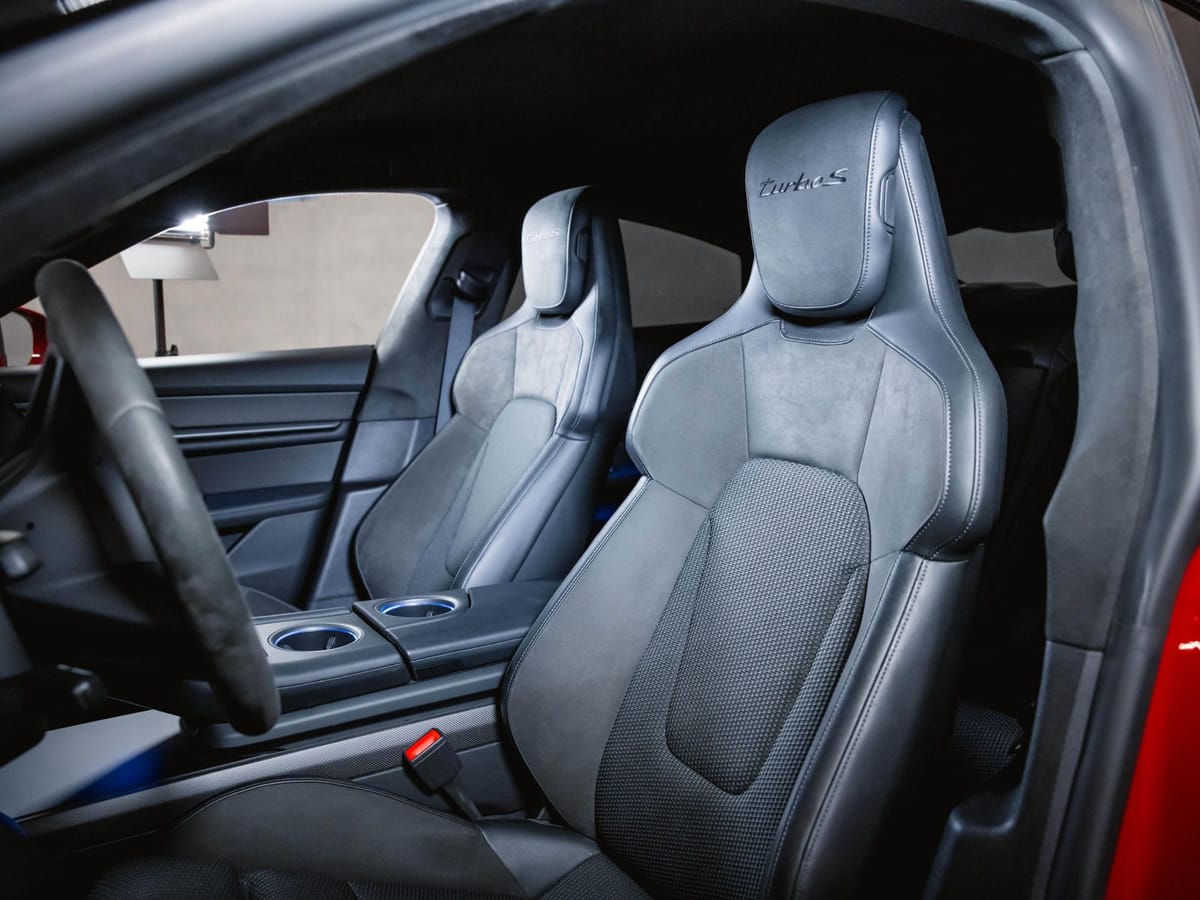 Porsche Taycan Turbo S Sport Design Paket Carbon Head-Up foto 16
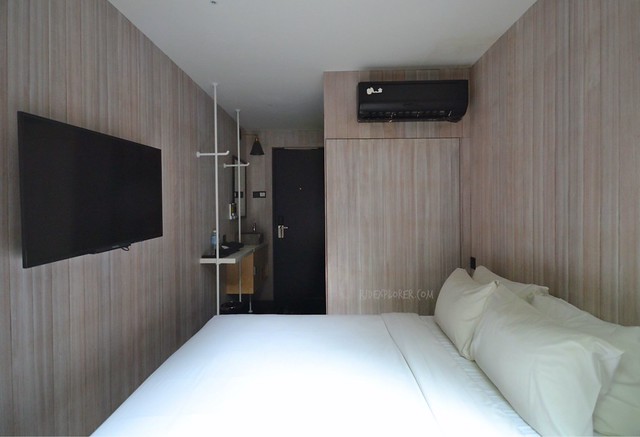 container hotel kuala lumpur deluxe room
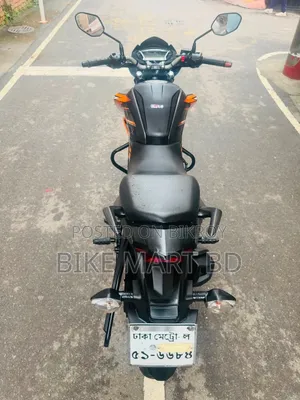 Honda Hornet 2021 Orange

•••••

▸ DIRECTIONS FOR THIS TASK
Would it be possible to copy the material exactly, excluding the images?

▸ OUTPUT BELOW
 Porsche Taycan Turbo S Sport Design Paket Carbon Head-Up foto 16
 container hotel kuala lumpur deluxe room
 Honda Hornet 2021 Orange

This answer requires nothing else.